8Toute ressemblance avec des dictionnaires existants n’est donc pas fortuite, mais le Dictionnaire Breton s’acquitte pleinement de sa tâche : rendre sensible la voie/voix spécifique de Breton à l’intérieur d’un orbe surréaliste dont il est sans doute le centre mais assurément pas le tout. À cet égard, on lira avec profit l’article « Surréalisme » (p. 949‑955), rédigé par M. Carassou, qui suit le fil des définitions proposées par Breton tout au long de son œuvre, de la première attestation dans « Pour Dada » en 1920 à « Perspective cavalière » en octobre 1963, livrant ainsi en diachronie la sédimentation intellectuelle à travers laquelle Breton a construit son surréalisme autant que le surréalisme.

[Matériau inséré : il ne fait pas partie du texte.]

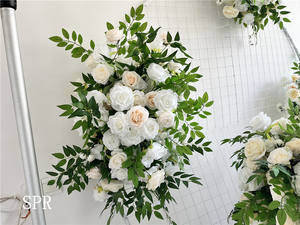 SPR bouquet da sposa piante artificiali Bouquet forniture di seta peonia di decorazioni per la casa centrotavola per la decorazione della tavola di nozze - Product Image 3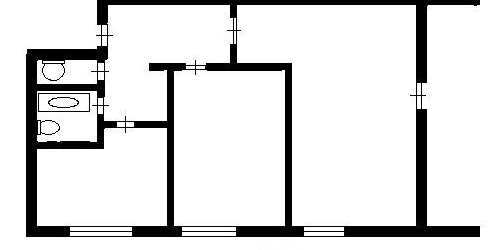2-комн квартира улица Генерала Антонова, 10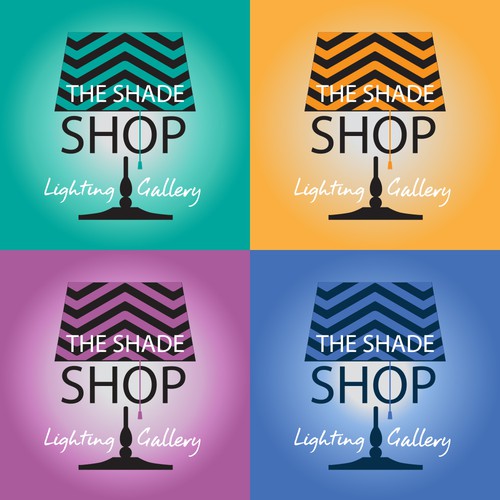 Shop brand with the title 'The shade shop logo'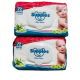 Supples Baby Wet Wipes with Lid | 144 Wipes | 72 Wipes x 2 Packs | Enriched With Aloe Vera and Vitamin E | Alcohol-Free and Paraben-Free | Pure Water-Based formulation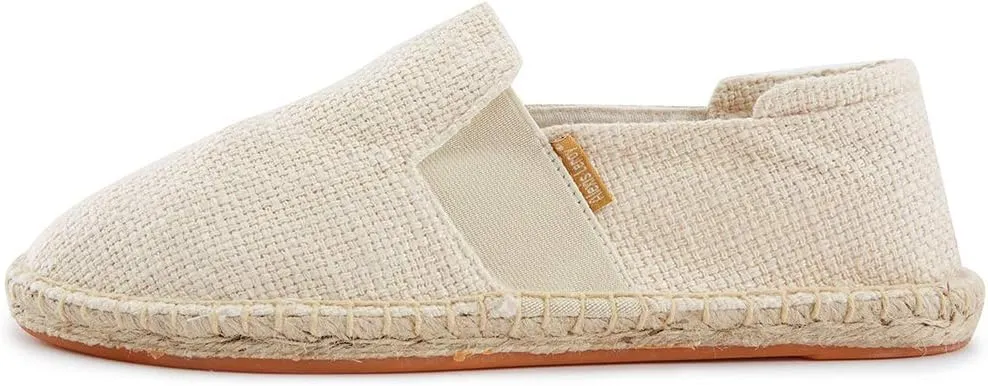 Alexis Leroy Men's Canvas Slip on Flat Espadrilles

Il en va de même pour l’entrée « Groupe (surréaliste) » (p. 471‑475), où H. Béhar, au‑delà de la variation et de la recomposition des effectifs autour de Breton, étudie la manière dont celui‑ci n’a cessé de remettre en cause sa stature de chef de file (« je ne suis pas pour les adeptes », écrit‑il dans Pleine Marge en 1940) et de réfléchir à la nature problématique de l’association ainsi contractée :
Il propose donc (sans d’ailleurs s’y tenir) d’adopter le terme de Bund suggéré par Monnerot dans La Poésie moderne et le sacré, dont il reproduit la définition sociologique : « groupe dont les membres ne sont liés que par des liens d’élection » […]. (p. 474)
9De manière analogue, dans « Surréel, surréalité » (p. 962‑963), H. Béhar commente l’emploi prudent de ces termes par Breton, visiblement réticent à figer la dynamique surréaliste dans des substantifs définis, et les situe par rapport aux perspectives de Desnos ou d’Aragon (qui est d’ailleurs l’« inventeur du féminin surréalité »). Et si l’on rebondit précisément sur « Aragon » (p. 63‑67, sous la plume de M. Vassevière), on trouvera tour à tour une histoire des rapports entre les deux hommes, de leur amitié jusqu’à leur rupture définitive, une réflexion sur leurs trajectoires comparées (esthétiques autant que politiques) et un bilan sur leur vision respective du surréalisme : ici comme dans les notices consacrées aux compagnons ou aux ascendants surréalistes, le propos est orienté en fonction du filtre bretonien, ce qui permet de redessiner un surréalisme assurément bien peu dogmatique, et de faire justice de la caricature si souvent rebattue de Breton en « Pape du surréalisme ». L’article consacré à ce syntagme, dû à J.‑P. Goldenstein (p. 758‑759), en restitue d’ailleurs fort bien l’archéologie, tout en en désavouant l’usage, non sans piquant : « Pour toutes ces raisons, cette expression est bannie du présent dictionnaire ».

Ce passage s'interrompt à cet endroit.